Even de-energized power lines can be hazardous, owing to the complex nature of the electrical system. Even though one circuit may be ostensibly shut off, that circuit may still be conducting electricity from an interconnection or interaction with other live circuits. Thus, care must be taken to ensure that all possible sources of power to a circuit are removed. This can be especially dangerous when transformers are involved in the connection to another circuit, or one circuit is fed by more than one other circuit. For example: A higher-voltage distribution level circuit may feed several lower-voltage distribution circuits, using step down transformers. A step down transformer can also act in reverse as a step up transformer. If the higher voltage circuit is de-energized so it can be worked on, but any one of the lower-voltage circuits connected to it via a transformer remains energized, the transformer will convert the power in the lower-voltage circuit back to the higher voltage, and the higher voltage circuit will remain energized. This rarely[1] occurs after destructive storms such as hurricanes have damaged the local primary lines and someone wires a generator into their house wiring incorrectly (without an isolation switch). This is known as backfeed. Another problem can arise when de-energized wires become energized through electrostatic or electromagnetic induction from energized wires in close proximity. One precaution against this is to connect all the wires in a circuit to each other and to ground before working on it, hence the saying, "if it's not grounded, it's not dead."


----------



## WisJim (Jan 14, 2004)

Our system is a battery based wind and solar electric system with grid used as the back up, since the place was grid connected when we bought it. The local utility sometimes call us in the winter if we haven't used power in a day or two, to make sure we are okay. When I mention the solar and wind, they go check their records and come back and tell me, everything is okay, sorry to bother you. But it is interesting to know that they are monitoring use in winter and checking to see that the people are okay.


----------



## nadja (May 22, 2011)

trkarl said:


> A funny thing happened the other day. I got a call from the electric company that said they see that I have a solar electric system and am backfeeding into the grid illegally and need to either fill out the agreement or shut the system off or they will disconnect me. They said I am making my meter spin backwards.
> 
> I called them up and said that would be a neat trick since my system isn't connected to the grid. I said they can come out and have a look at it any time they want to. They scheduled for the following day.
> 
> ...


In the beginning , you stated to the elec. co. that you are not connected to the grid , while at the end you stated just the oppisite. I suggest that you are if your getting any power whatsoever from the grid. That is a grid tie, and if it was not inspected - installed - and permitted from the utility co., you could a. burn your house down or b. kill someone working on the lines, especially in a power outage.


----------



## Danaus29 (Sep 12, 2005)

There's grid tied systems and there are battery back up systems. To me it sounds like the op has a battery back up system. 

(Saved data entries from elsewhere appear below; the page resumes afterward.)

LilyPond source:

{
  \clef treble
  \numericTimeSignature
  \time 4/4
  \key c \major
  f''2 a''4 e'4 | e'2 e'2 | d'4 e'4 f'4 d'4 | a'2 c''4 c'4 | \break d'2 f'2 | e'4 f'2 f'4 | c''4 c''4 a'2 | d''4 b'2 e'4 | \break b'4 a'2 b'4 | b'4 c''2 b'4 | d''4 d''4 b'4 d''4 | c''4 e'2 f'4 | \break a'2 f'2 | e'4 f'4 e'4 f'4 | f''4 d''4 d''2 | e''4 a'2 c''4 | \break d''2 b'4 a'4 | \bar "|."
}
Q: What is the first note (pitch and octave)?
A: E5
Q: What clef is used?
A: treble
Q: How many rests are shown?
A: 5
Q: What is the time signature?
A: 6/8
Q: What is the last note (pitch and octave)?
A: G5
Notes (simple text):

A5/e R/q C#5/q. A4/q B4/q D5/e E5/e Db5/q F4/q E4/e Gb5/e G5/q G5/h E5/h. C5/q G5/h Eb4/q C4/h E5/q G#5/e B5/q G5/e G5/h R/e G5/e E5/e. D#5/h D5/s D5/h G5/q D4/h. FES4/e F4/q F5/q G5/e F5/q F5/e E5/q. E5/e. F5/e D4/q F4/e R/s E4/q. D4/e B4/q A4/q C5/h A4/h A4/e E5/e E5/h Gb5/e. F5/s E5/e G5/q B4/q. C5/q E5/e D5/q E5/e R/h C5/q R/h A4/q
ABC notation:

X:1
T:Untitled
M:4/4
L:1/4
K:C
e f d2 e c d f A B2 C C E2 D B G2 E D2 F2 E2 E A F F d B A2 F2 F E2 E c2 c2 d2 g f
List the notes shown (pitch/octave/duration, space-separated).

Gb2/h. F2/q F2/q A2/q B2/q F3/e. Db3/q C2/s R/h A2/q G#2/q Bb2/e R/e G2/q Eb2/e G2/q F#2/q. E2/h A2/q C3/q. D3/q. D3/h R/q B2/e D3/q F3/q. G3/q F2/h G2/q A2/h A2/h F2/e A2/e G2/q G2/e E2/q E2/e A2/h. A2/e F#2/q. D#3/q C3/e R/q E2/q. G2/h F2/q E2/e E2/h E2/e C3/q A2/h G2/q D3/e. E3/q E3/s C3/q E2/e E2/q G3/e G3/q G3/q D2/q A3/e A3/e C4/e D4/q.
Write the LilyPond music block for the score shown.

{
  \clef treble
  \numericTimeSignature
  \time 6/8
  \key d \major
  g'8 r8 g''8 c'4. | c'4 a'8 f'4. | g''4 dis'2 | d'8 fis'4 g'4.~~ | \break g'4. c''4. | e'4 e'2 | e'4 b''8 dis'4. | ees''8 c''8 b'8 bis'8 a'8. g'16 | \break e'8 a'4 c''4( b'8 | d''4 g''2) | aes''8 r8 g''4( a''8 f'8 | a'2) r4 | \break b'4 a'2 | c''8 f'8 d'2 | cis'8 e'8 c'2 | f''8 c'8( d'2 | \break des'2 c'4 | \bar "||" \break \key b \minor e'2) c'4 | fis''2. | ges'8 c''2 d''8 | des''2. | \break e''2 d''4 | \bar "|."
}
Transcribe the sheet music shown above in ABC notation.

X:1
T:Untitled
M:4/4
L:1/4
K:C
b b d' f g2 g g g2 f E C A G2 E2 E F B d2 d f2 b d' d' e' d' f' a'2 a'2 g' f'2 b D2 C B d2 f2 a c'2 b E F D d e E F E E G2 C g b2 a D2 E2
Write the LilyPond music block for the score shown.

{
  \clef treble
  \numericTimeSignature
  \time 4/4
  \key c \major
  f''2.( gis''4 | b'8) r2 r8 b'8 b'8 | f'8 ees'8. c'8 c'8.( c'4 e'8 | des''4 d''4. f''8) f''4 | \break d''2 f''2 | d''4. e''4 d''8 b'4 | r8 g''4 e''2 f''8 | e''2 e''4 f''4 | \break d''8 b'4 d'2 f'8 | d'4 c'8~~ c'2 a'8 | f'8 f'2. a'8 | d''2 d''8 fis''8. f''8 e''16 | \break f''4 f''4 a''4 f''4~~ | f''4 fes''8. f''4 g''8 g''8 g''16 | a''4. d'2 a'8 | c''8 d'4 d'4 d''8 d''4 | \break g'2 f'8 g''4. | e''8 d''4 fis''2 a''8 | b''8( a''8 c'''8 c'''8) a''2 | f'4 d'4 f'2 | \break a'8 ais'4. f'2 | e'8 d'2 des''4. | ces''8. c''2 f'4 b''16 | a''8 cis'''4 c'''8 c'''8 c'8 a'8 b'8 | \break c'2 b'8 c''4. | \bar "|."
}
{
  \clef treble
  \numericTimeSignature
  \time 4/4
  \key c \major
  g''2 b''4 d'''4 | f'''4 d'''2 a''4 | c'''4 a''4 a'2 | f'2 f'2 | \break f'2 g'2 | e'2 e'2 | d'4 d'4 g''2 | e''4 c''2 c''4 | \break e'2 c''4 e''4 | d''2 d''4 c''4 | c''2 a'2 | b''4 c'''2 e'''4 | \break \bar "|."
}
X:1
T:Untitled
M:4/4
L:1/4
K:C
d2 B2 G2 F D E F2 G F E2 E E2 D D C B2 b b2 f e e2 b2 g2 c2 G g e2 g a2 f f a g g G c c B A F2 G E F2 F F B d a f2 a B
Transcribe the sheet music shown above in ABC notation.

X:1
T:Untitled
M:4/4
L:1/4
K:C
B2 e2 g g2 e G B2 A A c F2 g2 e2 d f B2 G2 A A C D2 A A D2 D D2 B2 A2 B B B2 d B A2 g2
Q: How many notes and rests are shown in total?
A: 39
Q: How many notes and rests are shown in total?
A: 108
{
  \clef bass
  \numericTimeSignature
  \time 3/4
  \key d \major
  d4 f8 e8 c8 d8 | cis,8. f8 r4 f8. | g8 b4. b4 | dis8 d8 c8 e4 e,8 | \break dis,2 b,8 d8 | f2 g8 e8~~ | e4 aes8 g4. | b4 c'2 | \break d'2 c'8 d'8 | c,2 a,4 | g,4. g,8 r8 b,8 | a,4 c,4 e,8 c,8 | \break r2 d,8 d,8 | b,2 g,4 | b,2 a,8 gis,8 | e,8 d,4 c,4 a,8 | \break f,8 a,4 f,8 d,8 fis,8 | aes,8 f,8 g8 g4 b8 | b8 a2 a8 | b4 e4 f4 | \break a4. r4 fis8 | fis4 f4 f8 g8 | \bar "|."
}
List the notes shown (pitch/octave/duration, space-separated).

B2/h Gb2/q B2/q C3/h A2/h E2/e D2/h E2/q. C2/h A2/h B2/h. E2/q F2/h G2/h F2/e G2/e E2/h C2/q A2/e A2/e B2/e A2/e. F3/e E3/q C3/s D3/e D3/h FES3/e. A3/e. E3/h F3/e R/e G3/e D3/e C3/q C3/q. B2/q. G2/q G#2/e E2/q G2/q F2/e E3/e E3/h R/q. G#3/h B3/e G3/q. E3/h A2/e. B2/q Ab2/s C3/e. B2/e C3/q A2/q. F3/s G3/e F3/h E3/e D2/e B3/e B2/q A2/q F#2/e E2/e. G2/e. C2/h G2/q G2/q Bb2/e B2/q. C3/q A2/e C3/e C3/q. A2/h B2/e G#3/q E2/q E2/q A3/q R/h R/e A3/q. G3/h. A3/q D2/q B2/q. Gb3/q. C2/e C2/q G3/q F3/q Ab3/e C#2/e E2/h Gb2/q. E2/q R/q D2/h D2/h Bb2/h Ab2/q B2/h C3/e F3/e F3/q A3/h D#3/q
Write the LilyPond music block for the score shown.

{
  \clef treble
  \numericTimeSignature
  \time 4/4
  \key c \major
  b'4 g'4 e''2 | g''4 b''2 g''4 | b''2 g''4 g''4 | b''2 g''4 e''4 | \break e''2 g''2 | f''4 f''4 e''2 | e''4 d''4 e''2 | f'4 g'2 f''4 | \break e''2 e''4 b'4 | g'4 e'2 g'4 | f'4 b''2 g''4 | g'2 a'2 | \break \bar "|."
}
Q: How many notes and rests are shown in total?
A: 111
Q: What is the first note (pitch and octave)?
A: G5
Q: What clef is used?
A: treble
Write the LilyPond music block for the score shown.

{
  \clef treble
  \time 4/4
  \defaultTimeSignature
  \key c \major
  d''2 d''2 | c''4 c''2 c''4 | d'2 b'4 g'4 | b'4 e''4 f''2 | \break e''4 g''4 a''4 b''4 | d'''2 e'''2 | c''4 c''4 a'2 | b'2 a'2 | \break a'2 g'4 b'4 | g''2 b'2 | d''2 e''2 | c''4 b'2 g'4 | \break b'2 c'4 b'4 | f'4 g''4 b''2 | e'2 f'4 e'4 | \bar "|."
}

In Ohio you can legally tie into the system as long as the electric co inspects and approves the connection. 

In this county the board of health will condemn your house if you are not tied to the electric system and if you don't have running water and someone is living in the house.


----------



## beowoulf90 (Jan 13, 2004)

Danaus29 said:


> There's grid tied systems and there are battery back up systems. To me it sounds like the op has a battery back up system.
> 
> In Ohio you can legally tie into the system as long as the electric co inspects and approves the connection.
> 
> *In this county the board of health will condemn your house if you are not tied to the electric system and if you don't have running water and someone is living in the house.*


Same thing here!

But then they are the same idiots who keep telling us to use less or to use solar. So we know who is greasing their palms.. and it ain't freedom loving folks...


----------



## swampyoaks (Jan 6, 2008)

I guess I should be expecting a call from the power company soon. I just put up my panels right above the utility meter so the reader can see them real easy. I'm connected to the grid but not *"grid tied" *as the output of my inverter isn't connected to the grid through a closed circuit and in phase with grid, thus it can't feed power back in to the grid.


----------



## trkarl (Dec 15, 2009)

nadja said:


> In the beginning , you stated to the elec. co. that you are not connected to the grid , while at the end you stated just the oppisite. I suggest that you are if your getting any power whatsoever from the grid. That is a grid tie, and if it was not inspected - installed - and permitted from the utility co., you could a. burn your house down or b. kill someone working on the lines, especially in a power outage.


Did you even read what you quoted me as saying? I said my SYSTEM IS NOT connected to the grid. My house is. I run it through generator transfer switches. You are kind of sounding like the electric co. who said my meter was spinning backwards when they had no idea what they were talking about and had to admit it was impossible because the SYSTEM IS STAND ALONE.


----------



## MELOC (Sep 26, 2005)

Energy Rebel said:


> That's true, but sometimes strange things do happen.
> A few years back, we had a line a few hundred feet from our house go down in a storm.
> When the power came on, we lost a tv, microwave , phone and probably more if I hadn't run all over the house unplugging things.
> When I got to my voltmeter and starting checking, I had 220v coming thru all my 110v outlets.
> ...



i had the same thing happen about a decade ago. a branch brought a power line into contact with the neutral. i lost every single thing in my house except the major, heavy-duty appliances. the other two neighbors on that line suffered the same.


----------



## Danaus29 (Sep 12, 2005)

trkarl, welcome to internet message boards. Believe it or not some people either have poor comprehension or don't take the time to read thoroughly. Most of us have our moments, some people do it more than others. It happens. So ignore those and shrug it off. Makes life easier. Just like the electric company people, not everyone "gets" it.

Glad you got it straightened out. It's hard to get the bureaucrats to admit they made the mistake.


----------